How Diffusion Interpolation With Barriers works
Diffusion Interpolation refers to the fundamental solution of the heat equation, which describes how heat or particles diffuse with time in a homogeneous medium. The predictions made using this method gently flow around barriers.
In the absence of barriers, the predictions made by the Diffusion Interpolation are approximately the same as the predictions made by the Kernel Interpolation with a Gaussian kernel.
The Diffusion Interpolation can use a complex distance metric defined by the cost surface which is a common raster function that calculates the cost of travel from one cell of a raster to the next.
Diffusion Interpolation produces predictions on automatically selected grids (cells), while all other models in Geostatistical Analyst use triangles with variable sizes.

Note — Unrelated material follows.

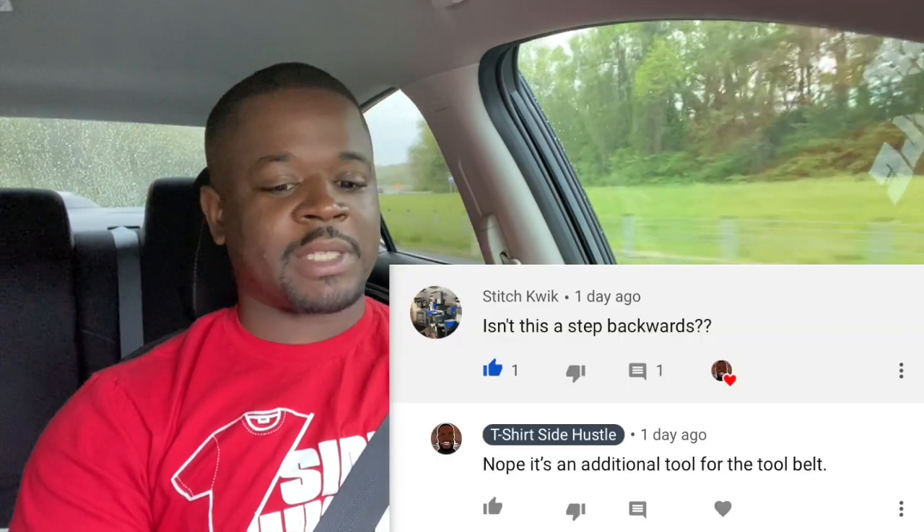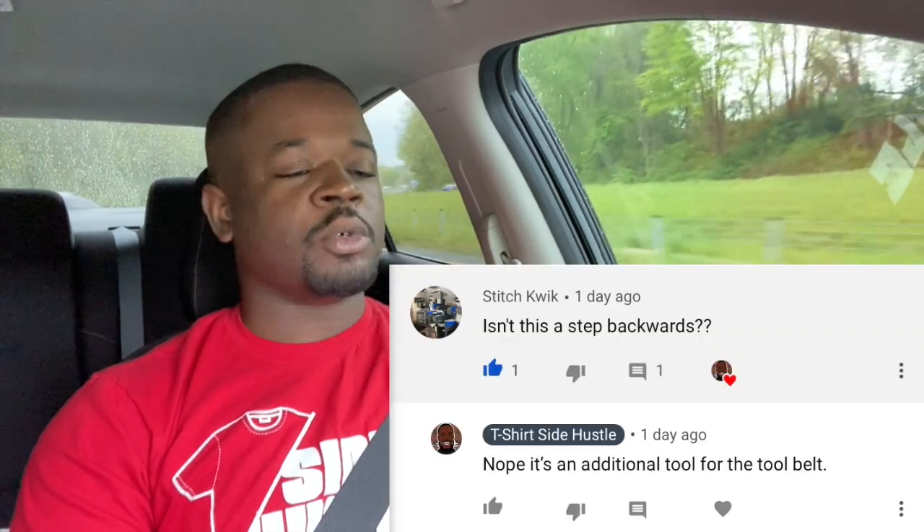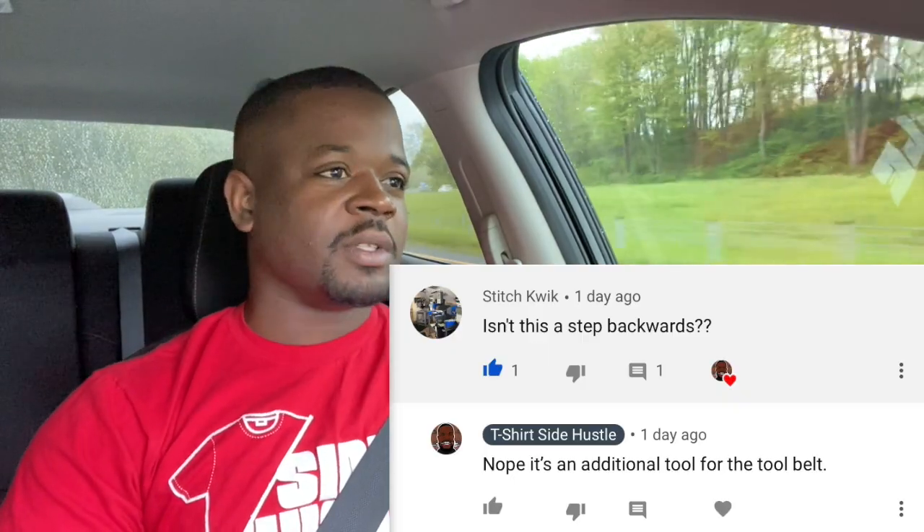Somebody commented on that video and basically asked, 'Is this a step backwards?' And I said nope — it's an additional tool for the tool belt.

If the cost surface is not specified, the distance between the neighboring cell centers is a Euclidean one. If the cost surface is specified, the distance between cells on the cost surface is defined using one of the following formulas:
- Additive barrier
(average cost value in the neighboring cells) x (distance between cell centers)
- Cumulative barrier
(difference between cost values in the neighboring cells) + (distance between cell centers)
- Flow barrier
Indicator(cost values in the to neighboring cell > cost values in the from neighboring cell) * (cost values in the to neighboring cell - cost values in the from neighboring cell ) + (distance between cell centers)
Where, Indicator(True) = 1 and Indicator(False) = 0.
Flow barrier can be used for interpolating data with preferential direction of data variation.
The result of the Diffusion Interpolation With Barriers without cost surface, below left , can be compared with a prediction map created using the Kernel Interpolation With Barriers, right.
In the case of Diffusion Interpolation, the shape of the kernel is changing near the barrier according to the diffusion equation, while in the case of the Kernel Interpolation, the distances between points are changing according to the shortest distance between the points.